I was fortunate to begin my own career in molecular biology at a time when the traditions of the early bacteriophage workers, led by Max Delbrück, still predominated. Our research was performed in a relatively small community of scientists, where most heads of laboratories knew each other well. Much data were freely shared, with the confidence that personal integrity would ensure proper credit for the source of new discoveries, without the need for priority established by a publication record. The enormous growth of our enterprise has eroded this feeling of trust during the past 35 years. But a strong tradition of sharing and trust persists in the worm community. In part, this is due to the stepwise growth of this field, which allows most worm researchers today to view themselves as being united through a close-knit lineage of former laboratory mentors. Most of the credit clearly belongs to those mentors themselves, who—starting with Sydney, John Sulston, and others—have set a high standard for both science and cooperation that their descendants have faithfully followed.

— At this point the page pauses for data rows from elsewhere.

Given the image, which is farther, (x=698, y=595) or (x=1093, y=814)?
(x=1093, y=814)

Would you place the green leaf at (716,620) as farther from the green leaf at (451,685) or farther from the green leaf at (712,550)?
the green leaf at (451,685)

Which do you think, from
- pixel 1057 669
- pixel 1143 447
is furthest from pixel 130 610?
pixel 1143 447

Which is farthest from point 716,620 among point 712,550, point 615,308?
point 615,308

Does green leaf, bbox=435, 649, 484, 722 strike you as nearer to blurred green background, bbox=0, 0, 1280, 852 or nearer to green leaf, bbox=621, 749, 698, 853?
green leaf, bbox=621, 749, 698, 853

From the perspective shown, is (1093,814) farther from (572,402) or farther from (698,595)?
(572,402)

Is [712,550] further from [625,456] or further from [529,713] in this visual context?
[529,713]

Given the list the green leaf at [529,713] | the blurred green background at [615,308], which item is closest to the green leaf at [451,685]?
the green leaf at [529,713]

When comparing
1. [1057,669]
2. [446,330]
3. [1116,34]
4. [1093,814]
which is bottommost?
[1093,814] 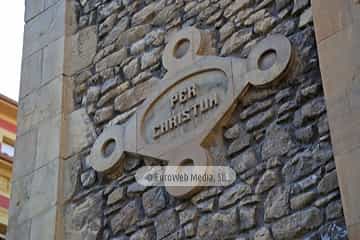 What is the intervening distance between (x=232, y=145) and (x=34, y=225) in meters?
1.49

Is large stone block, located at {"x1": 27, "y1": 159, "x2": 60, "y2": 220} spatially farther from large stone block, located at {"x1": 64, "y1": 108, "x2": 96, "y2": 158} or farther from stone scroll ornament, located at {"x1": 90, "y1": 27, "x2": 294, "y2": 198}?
stone scroll ornament, located at {"x1": 90, "y1": 27, "x2": 294, "y2": 198}

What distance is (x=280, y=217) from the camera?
4.15 metres

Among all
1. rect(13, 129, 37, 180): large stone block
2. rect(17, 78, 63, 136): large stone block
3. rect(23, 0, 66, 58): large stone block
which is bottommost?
rect(13, 129, 37, 180): large stone block

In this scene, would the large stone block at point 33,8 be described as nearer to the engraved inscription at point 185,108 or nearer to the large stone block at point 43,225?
the large stone block at point 43,225

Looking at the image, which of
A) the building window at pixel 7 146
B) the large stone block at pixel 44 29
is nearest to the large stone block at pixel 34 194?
the large stone block at pixel 44 29

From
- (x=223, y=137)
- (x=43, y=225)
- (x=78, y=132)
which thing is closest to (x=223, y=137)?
(x=223, y=137)

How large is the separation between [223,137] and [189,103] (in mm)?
345

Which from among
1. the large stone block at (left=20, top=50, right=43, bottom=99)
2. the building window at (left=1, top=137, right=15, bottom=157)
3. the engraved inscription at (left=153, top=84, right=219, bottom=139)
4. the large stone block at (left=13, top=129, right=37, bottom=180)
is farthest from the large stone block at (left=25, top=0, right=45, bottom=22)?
the building window at (left=1, top=137, right=15, bottom=157)

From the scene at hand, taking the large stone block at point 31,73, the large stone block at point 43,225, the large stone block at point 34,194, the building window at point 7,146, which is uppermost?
the building window at point 7,146

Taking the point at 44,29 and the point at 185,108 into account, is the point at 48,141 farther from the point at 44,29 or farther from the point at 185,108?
the point at 185,108

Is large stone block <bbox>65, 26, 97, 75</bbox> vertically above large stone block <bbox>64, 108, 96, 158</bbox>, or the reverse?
large stone block <bbox>65, 26, 97, 75</bbox>

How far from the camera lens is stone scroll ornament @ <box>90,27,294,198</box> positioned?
4574 millimetres

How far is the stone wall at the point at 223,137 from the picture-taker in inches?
163

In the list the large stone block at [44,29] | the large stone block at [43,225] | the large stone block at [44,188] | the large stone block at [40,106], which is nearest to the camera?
the large stone block at [43,225] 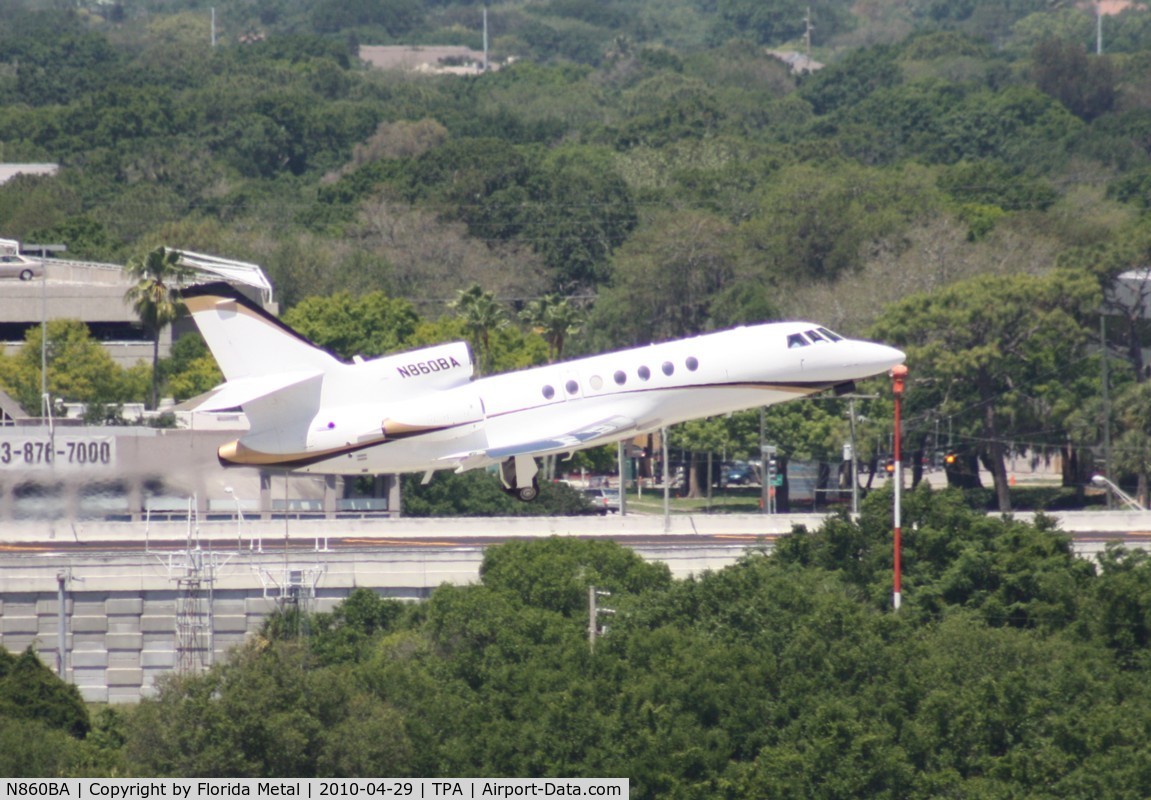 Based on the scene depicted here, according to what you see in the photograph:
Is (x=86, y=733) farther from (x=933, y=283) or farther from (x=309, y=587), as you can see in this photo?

The cooperation and sharing in the worm community have played a major part in the success of everyone's science. The many shared C. elegans techniques, meetings abstracts, upcoming events, mutants, and DNA sequences can be viewed by all on the Internet (at In fact, this community's early effort at electronic sharing was selected as a “model collaboratory” in a publication from the Computer Science and Telecommunications Board of the National Research Council (National Collaboratories: Applying Information Technology for Scientific Research, 1993), the organization that I chair as president of the National Academy of Sciences.

The major assumption behind the Research Council report was that our marvelous new electronic communication tools will greatly speed up the science that is done in many different fields in the future. We can see why this is true when we review the driving force for the explosive development of biological knowledge in recent years. Science is fundamentally a knowlege-building process, in which each advance comes from combining units of previous knowledge in new ways. In short, the advance of scientific knowledge is all about making new connections. The more units of knowledge we have, and the more efficiently they are shared, the faster science proceeds. Biology is exploding both because with each passing year we have more knowledge to build on and because there is a great deal of sharing. Other factors being equal, those particular fields of biology in which the sharing is most efficient will move the fastest. In science, therefore, a tradition of good deeds is generally well rewarded.

Why should one study a worm? This simple creature is one of several “model” organisms that together have provided tremendous insight into how all organisms are put together. It has become increasingly clear over the past two decades that knowledge from one organism, even one so simple as a worm, can provide tremendous power when connected with knowledge from other organisms. And because of the experimental accessibility of nematodes, knowledge about worms can come more quickly and cheaply than knowledge about higher organisms.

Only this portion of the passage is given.